[Data for this exercise — start]
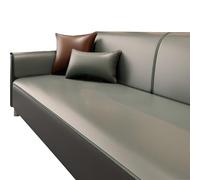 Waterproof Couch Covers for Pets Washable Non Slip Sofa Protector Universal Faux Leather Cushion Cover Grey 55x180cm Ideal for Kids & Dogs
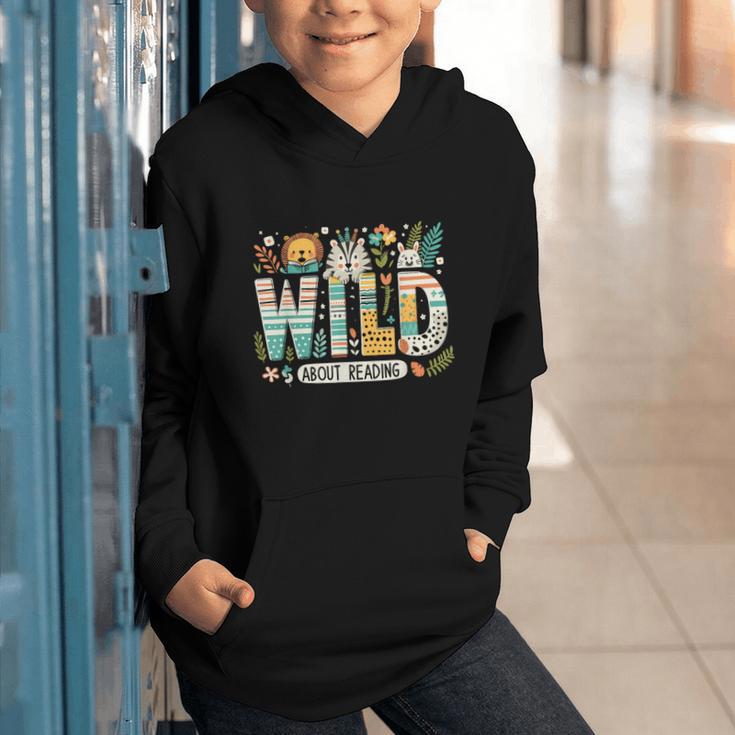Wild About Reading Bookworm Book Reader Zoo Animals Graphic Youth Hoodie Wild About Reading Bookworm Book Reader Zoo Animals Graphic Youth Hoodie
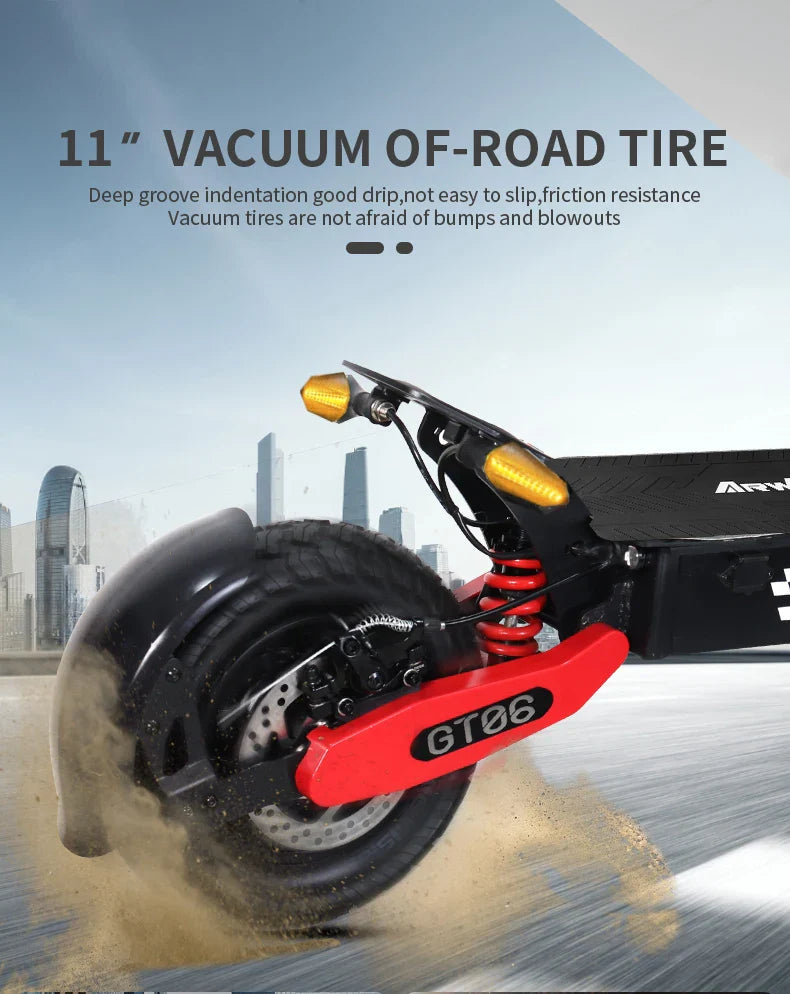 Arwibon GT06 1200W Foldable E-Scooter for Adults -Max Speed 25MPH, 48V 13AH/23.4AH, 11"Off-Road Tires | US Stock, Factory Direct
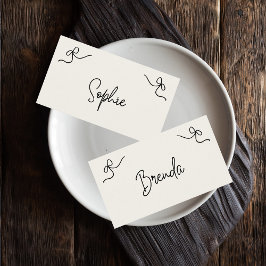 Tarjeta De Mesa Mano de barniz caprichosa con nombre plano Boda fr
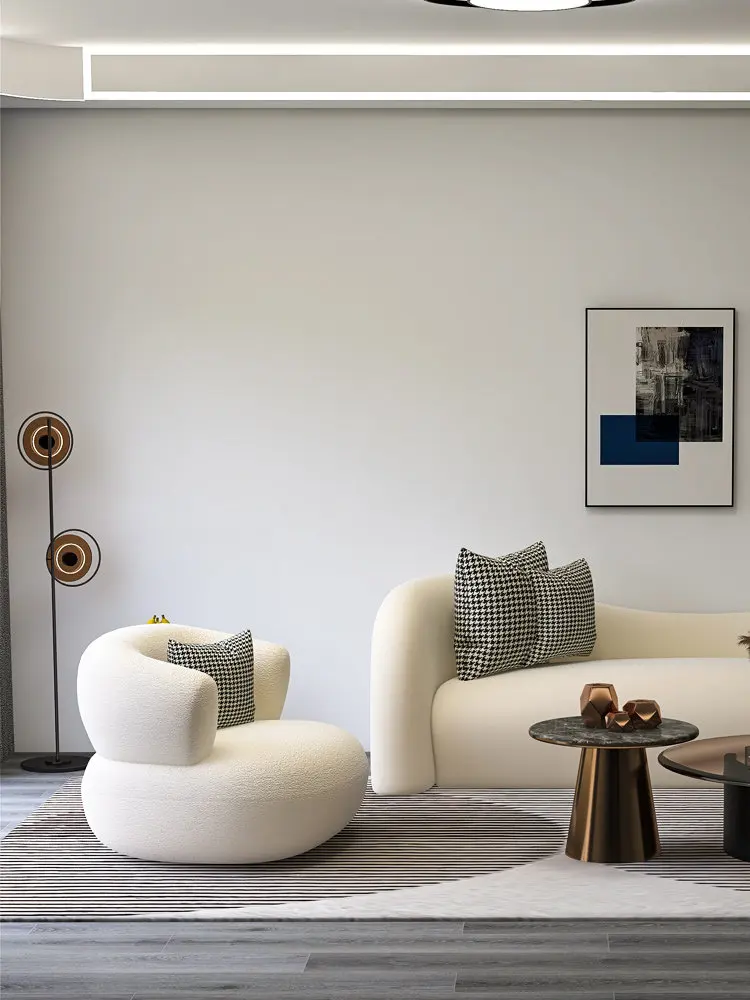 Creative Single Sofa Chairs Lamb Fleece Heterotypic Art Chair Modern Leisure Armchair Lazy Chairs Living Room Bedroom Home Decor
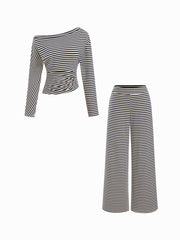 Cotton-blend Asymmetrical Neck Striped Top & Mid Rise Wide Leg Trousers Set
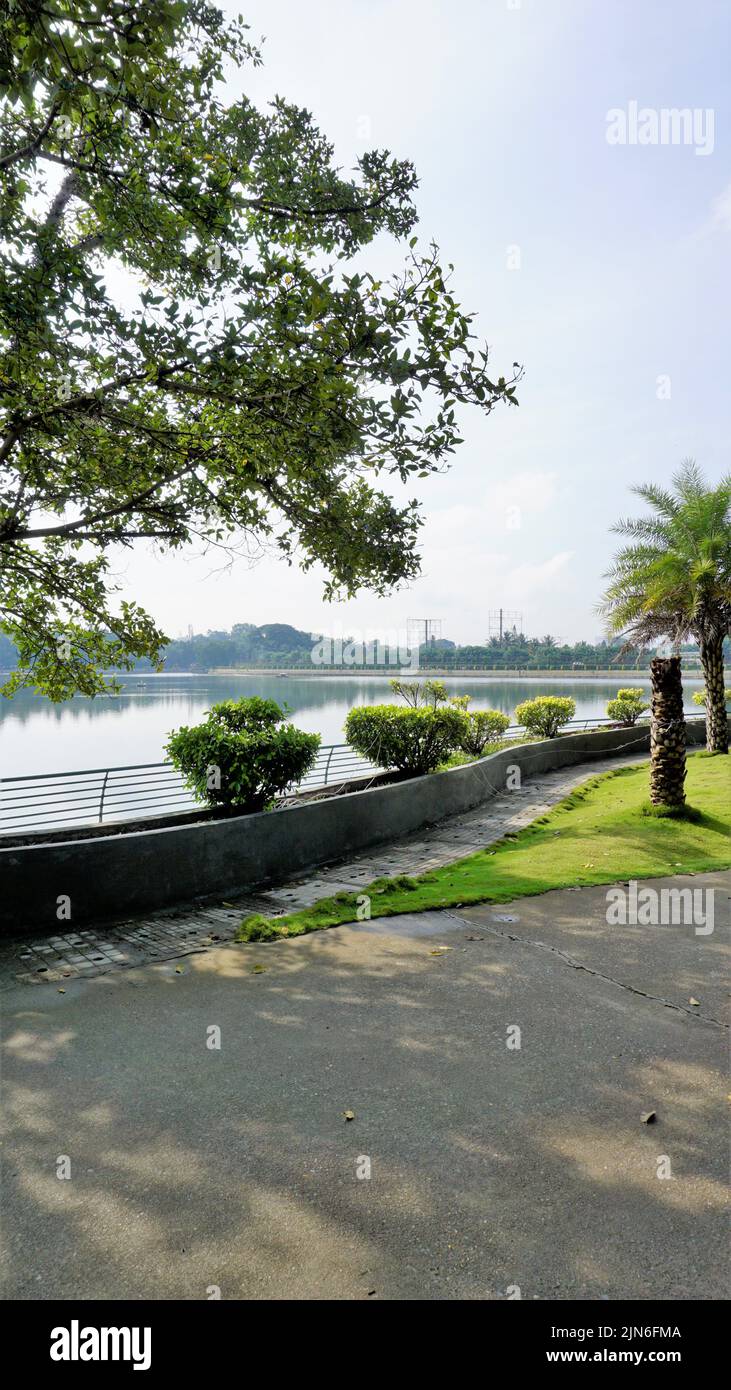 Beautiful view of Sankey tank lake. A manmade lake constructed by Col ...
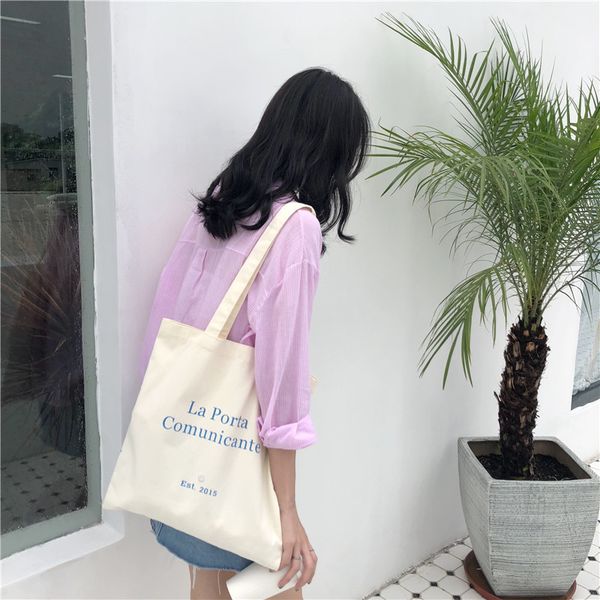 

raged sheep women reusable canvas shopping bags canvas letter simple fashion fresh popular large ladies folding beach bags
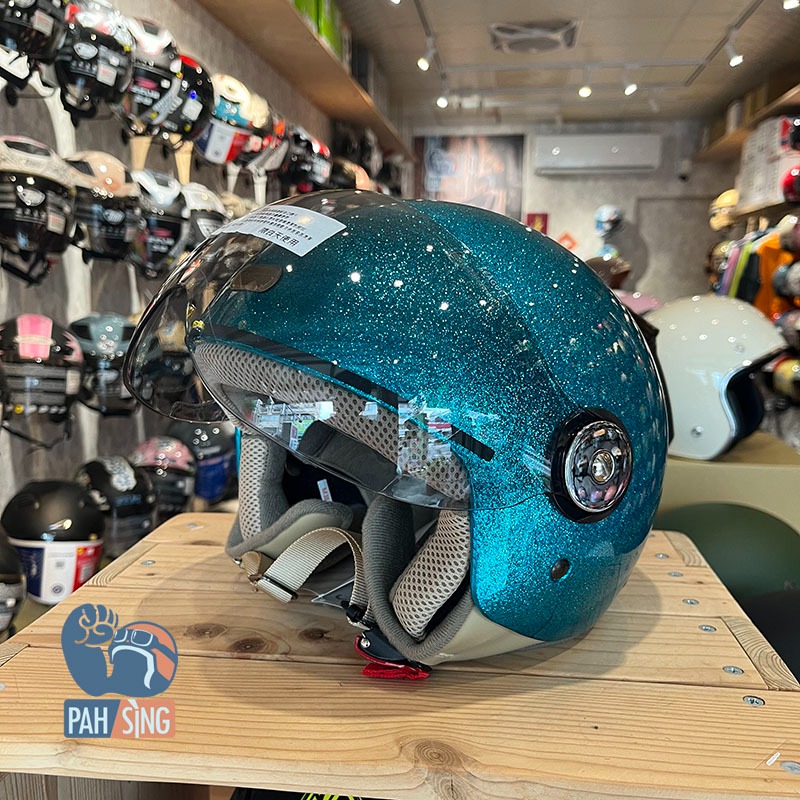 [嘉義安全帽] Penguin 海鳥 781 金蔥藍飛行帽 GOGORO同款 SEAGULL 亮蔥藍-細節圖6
[Data for this exercise — finish]
### What the task requires
Given the listing above, retype only the span of lines from the line with "Arwibon GT06 1200W" up to and including the line with "Beautiful view of", exactly as it stands and without pictures.

### Solution to this problem
 Arwibon GT06 1200W Foldable E-Scooter for Adults -Max Speed 25MPH, 48V 13AH/23.4AH, 11"Off-Road Tires | US Stock, Factory Direct
 Tarjeta De Mesa Mano de barniz caprichosa con nombre plano Boda fr
 Creative Single Sofa Chairs Lamb Fleece Heterotypic Art Chair Modern Leisure Armchair Lazy Chairs Living Room Bedroom Home Decor
 Cotton-blend Asymmetrical Neck Striped Top & Mid Rise Wide Leg Trousers Set
 Beautiful view of Sankey tank lake. A manmade lake constructed by Col ...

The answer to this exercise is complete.